Another Home

We lived in a dingy, Indian apartment for three years. We shared square footage with mountain monkeys, mice, and mongooses (mongeese?). The pipes leaked but only when we weren’t experiencing water shortages.

We ended up kind-of loving that place.

A dear family member visited us once and delicately called it a shit hole. After taking a deep breath, I looked around and tried to see it through his eyes in order to cut him some slack. I couldn’t. After all, the neighbors were living in tin shacks. Our concrete floors and lumpy walls had begun to look decent to me. My bedroom with the little porch felt familiar the way pajama pants do, the ones you wore after having your third baby.

Now we’re two years back in the US and we’re house hunting. I find that I’m at odds with myself and Husband about everything pertaining to domiciles. I mean everything. I look at ramshackle houses and love them (memory-soaked walls)/find them repulsive (why must the ceilings be so low and the walls so wood-paneled?) I visit new construction and salivate over stainless steel appliances and shiny wood floors while judging these Americans with their monstrous master bedrooms and cocktail party baths.

I decide that I want to stay in the cottage we’ve been in for two years, the one my parents own.  The one in which I crashed and burned upon our reentry into This American Life. But it feels itchy, like arrested development. I’ve got rocks in my nest, as good as it’s been.

I am propelled forward.

Husband will board a plane to Africa today.

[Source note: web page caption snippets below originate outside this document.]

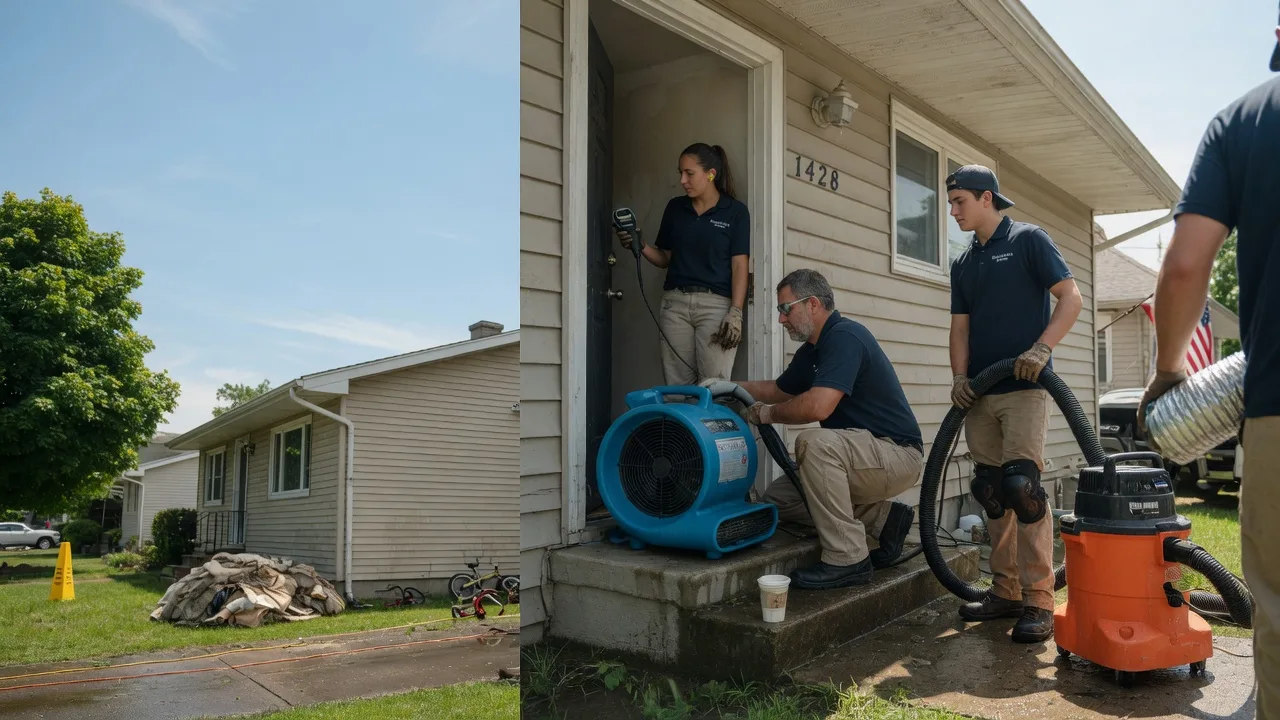 Water Damage Restoration in Jackson Center, PA near me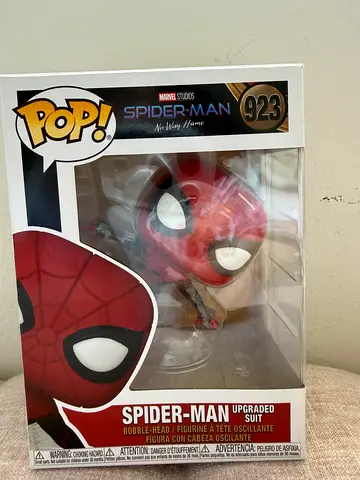 Spider Man Upgraded Suit Funko Pop Boxed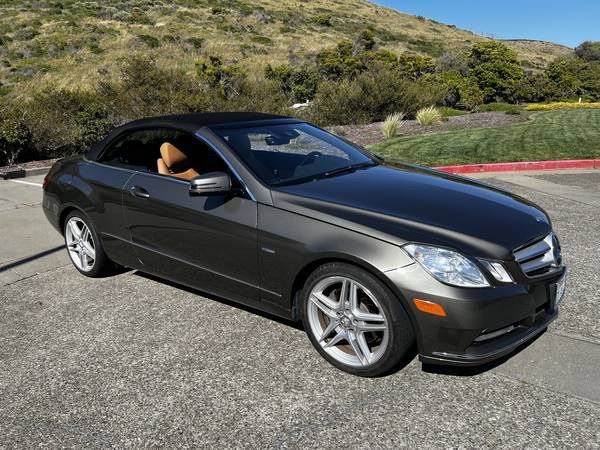 2012 Mercedes-Benz E-Class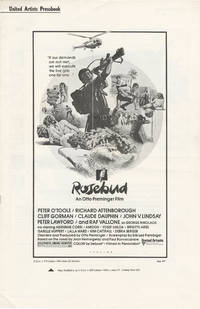 Rosebud (Original pressbook for the 1975 film)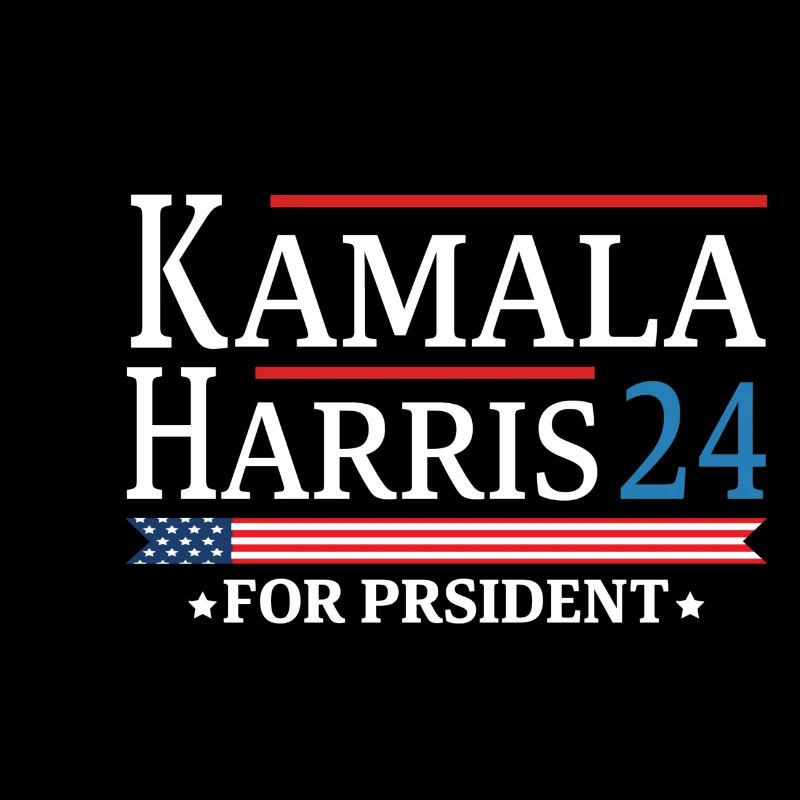 Kamala Harris 2024 for the election campaign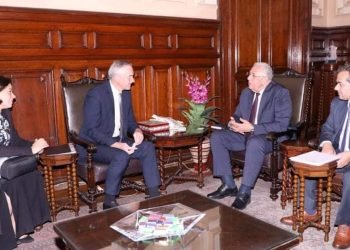 وزير الزراعة يبحث مع المدير التنفيذي للغرفة التجارية الألمانية بالقاهرة سبل التعاون المشترك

The kids and I will wave goodbye and then set the GPS to look at another house. I will imagine myself in it.  I’ll come away hopeful, then worried about money, then worried The One will slip through my fingers. Or I’ll come away muttering.

I will face the fact that I am uncomfortable searching for a home and that this is OK. I will remind myself of what Scripture says. Also C.S. Lewis.

I’ll find a house one of these days and it will be good.  Time will make it a (temporary) home.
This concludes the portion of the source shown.